*DATA SECTION*
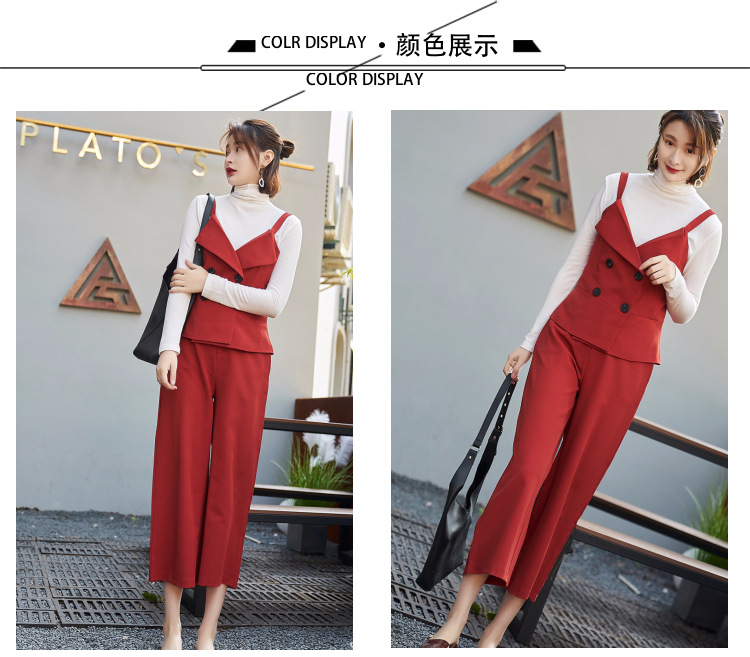 Gilet femme en Fibre de polyester - Ref 3316600 Image 7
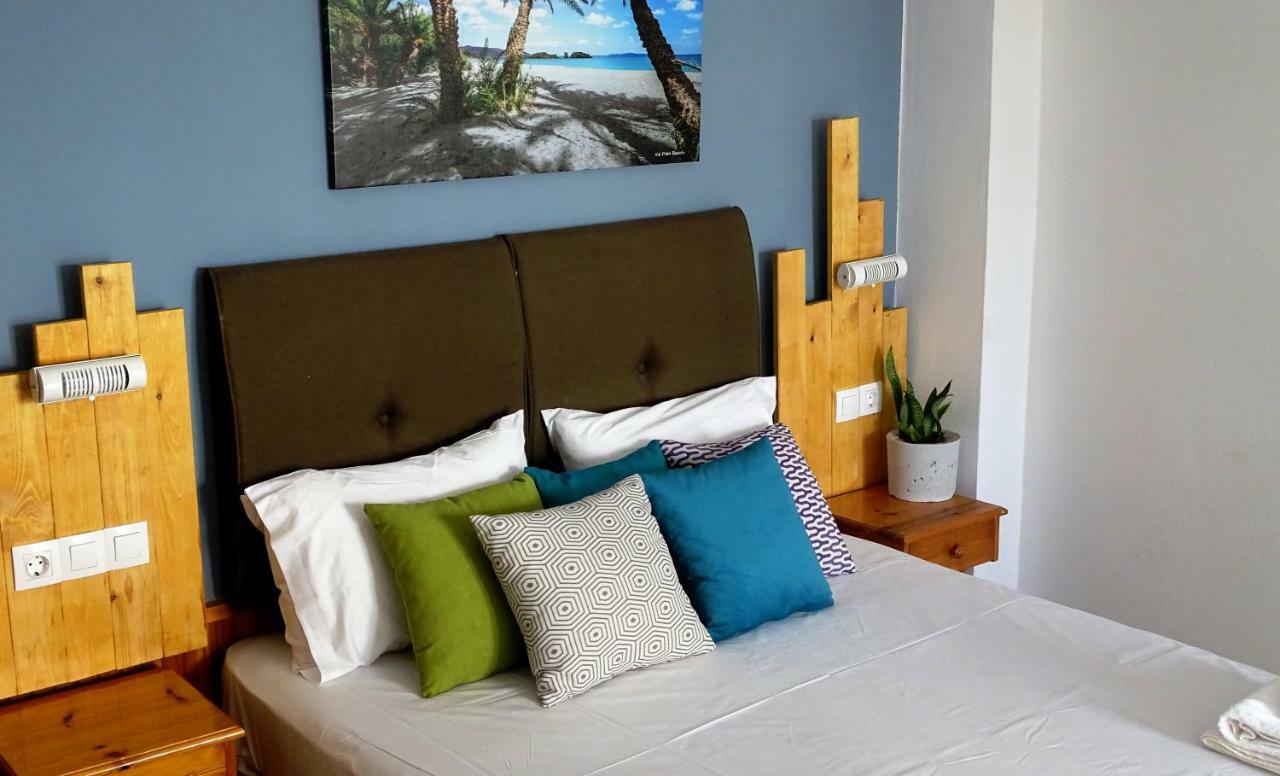 Malia Boutique Studios Luaran gambar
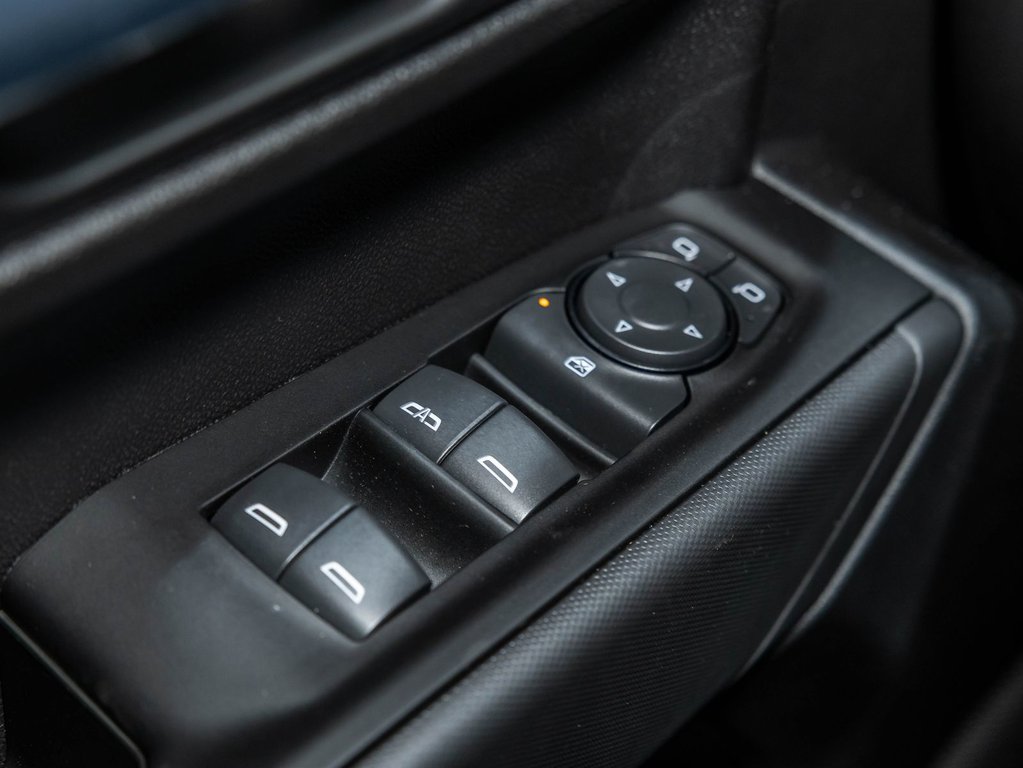 2026 Chevrolet Silverado 1500 in St-Jérôme, Quebec - 26 - w1024h768px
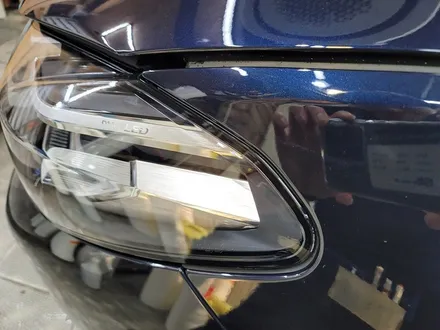 2021 페이스리프트 BMW 6GT/임페리얼 블루 신차패키지(솔라가드 \'퀀텀\',PPF)&가디언도어 / 서울 광진구, 중곡, 건대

*EXERCISE INSTRUCTIONS*
The listing above must be given again exactly, minus its pictures.

*SOLVED PROBLEM*
 Gilet femme en Fibre de polyester - Ref 3316600 Image 7
 Malia Boutique Studios Luaran gambar
 2026 Chevrolet Silverado 1500 in St-Jérôme, Quebec - 26 - w1024h768px
 2021 페이스리프트 BMW 6GT/임페리얼 블루 신차패키지(솔라가드 \'퀀텀\',PPF)&가디언도어 / 서울 광진구, 중곡, 건대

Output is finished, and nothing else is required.